Ada pun kelompok-kelompok yang dijadikan sasaran perekrutan dan anak didik adalah: a) akademisi dan intelektual muslim liberal dan sekuler; b) cendekiawan muda muslim yang moderat; c) kalangan aktivis komunitas; d) koalisi dan kelompok perempuan yang mengampanye kesetaraan gender; e) penulis dan jurnalis moderat.
Para pejabat kedutaan AS di negeri-negeri muslim harus memastikan bahwa kelompok ini terlibat dan sesering mungkin melakukan kunjungan ke Paman Sam. Prioritas pembangunan jaringan muslim moderat diletakkan pada sektor: a) pendidikan demokrasi, dengan mencari pembenaran dalil dan sumber-sumber Islam terhadap demokrasi dan segala sistemnya; b) dukungan media massa dalam melakukan liberalisasi pemikiran, kesetaraan gender dan lainnya —yang merupakan “medan tempur” dalam perang pemikiran melawan Islam; c) advokasi kebijakan, untuk mencegah agenda politik kelompok Islam.
Sejak beberapa puluh tahun terakhir, khususnya sejak era reformasi, muncul banyak tokoh liberal sebagai opinion maker di tengah masyarakat, juga berkembang banyak LSM yang memproduk materi-materi dakwah atau fatwa namun isinya justru “menjerumuskan” Islam. Ini membuktikan bahwa konspirasi penghancuran Islam itu ada dan nyata. Artinya, hampir semua strategi RAND Corp berjalan.
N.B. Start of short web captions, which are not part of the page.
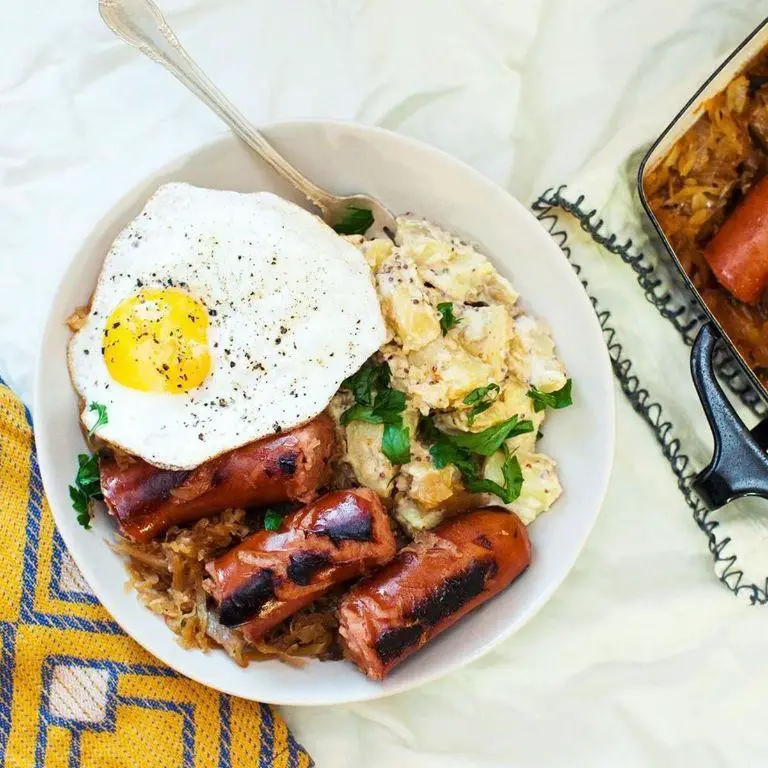 Sauerkraut and Sausage Breakfast Bowl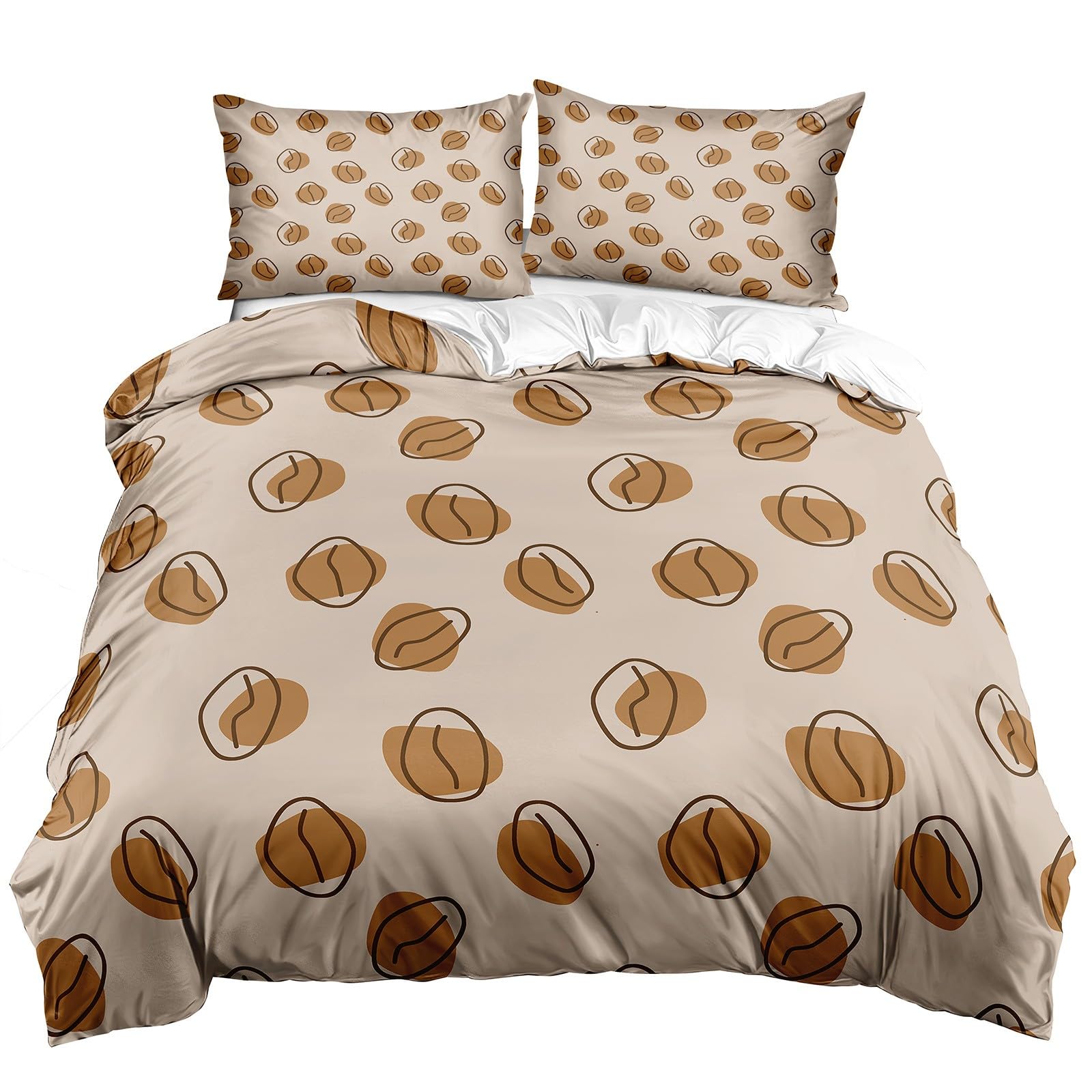 Housse de couette 220x240 café en grains avec 2 taies d'oreiller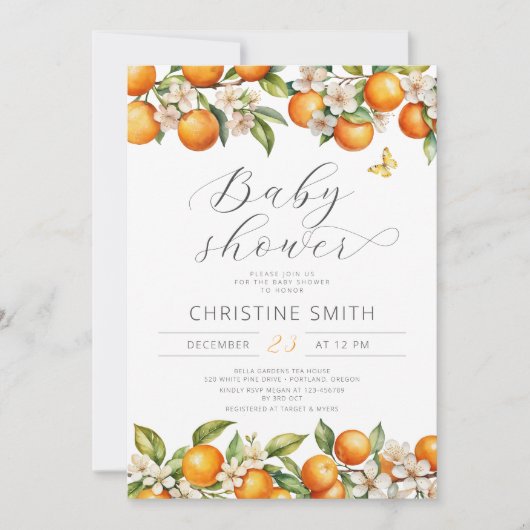 Oranje mama's belangrijkste squeeze Baby shower ui Kaart (Voorkant)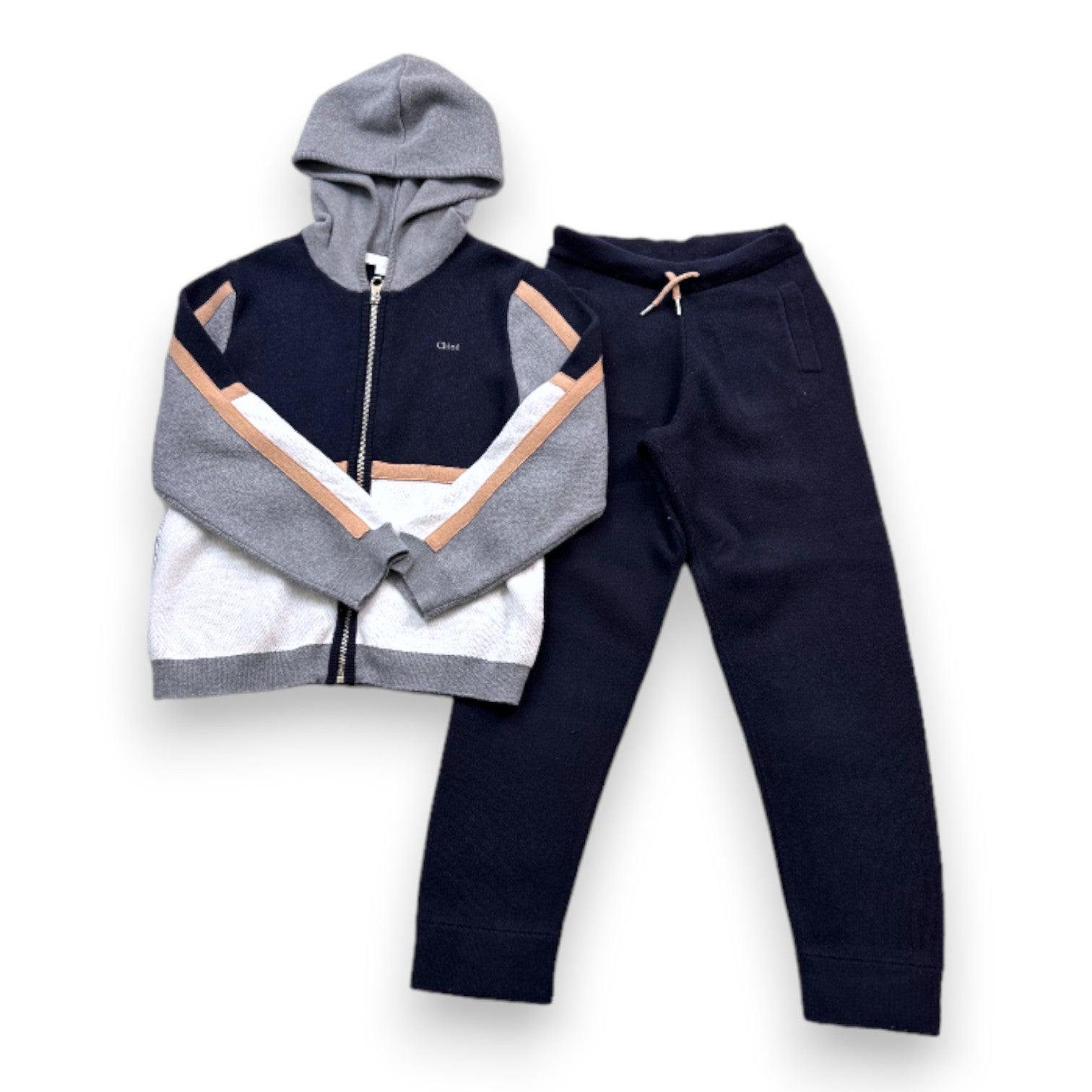 CHLOE - Ensemble de jogging en laine bleu marine - 8 ans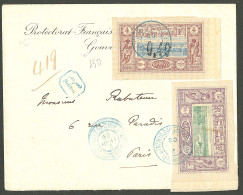 Lettre Cad Bleu "Djibouti/Côte Franse Des Somalis". Nos 11 + 22 Sur Enveloppe Recommandée Pour Paris, 1900. - TB - Other & Unclassified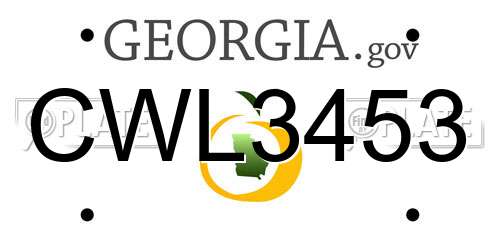 CWL3453 Georgia License Plate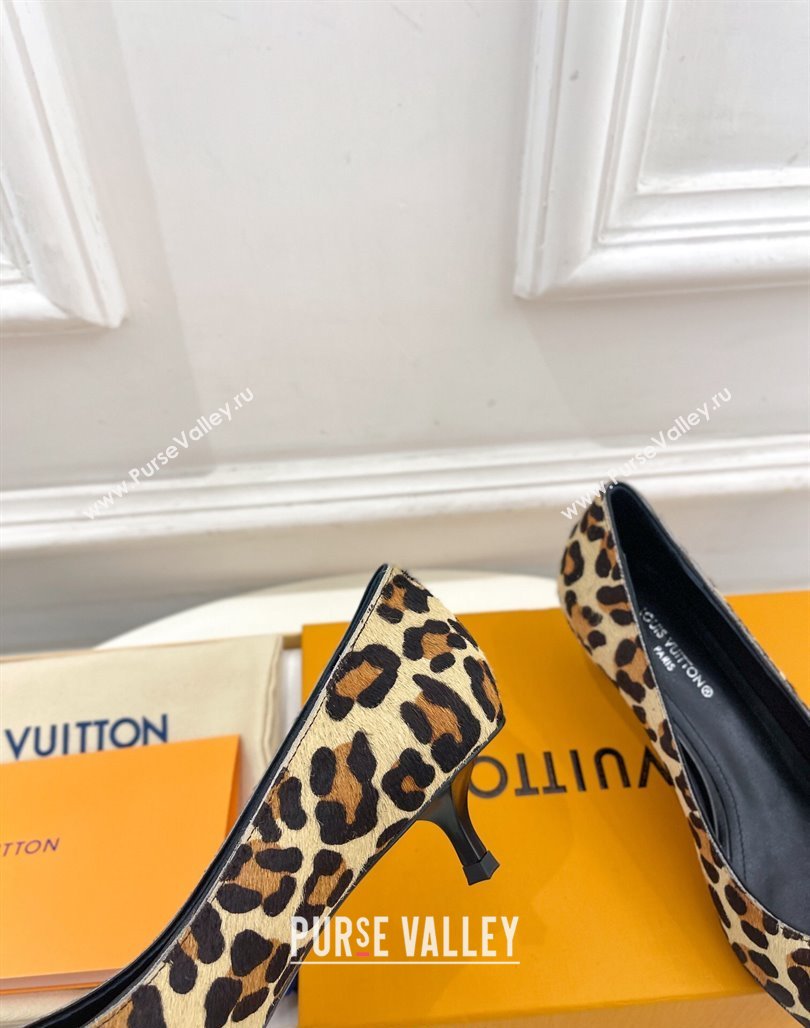 Louis Vuitton Stellar Pumps 4cm in Leopard Print Hairy Leather Brown 2024 1ACLE0 (MD-240127017)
Yang paling memprihatinkan adalah strategi itu mulus berjalan, termasuk jurus pecah belah di antaranya dengan isu radikalisme, justru lantaran menggunakan tangan-tangan (internal) kaum muslim itu sendiri. Sadarkah mereka telah menjadi pengkhianat bagi bangsa, negara dan agamanya?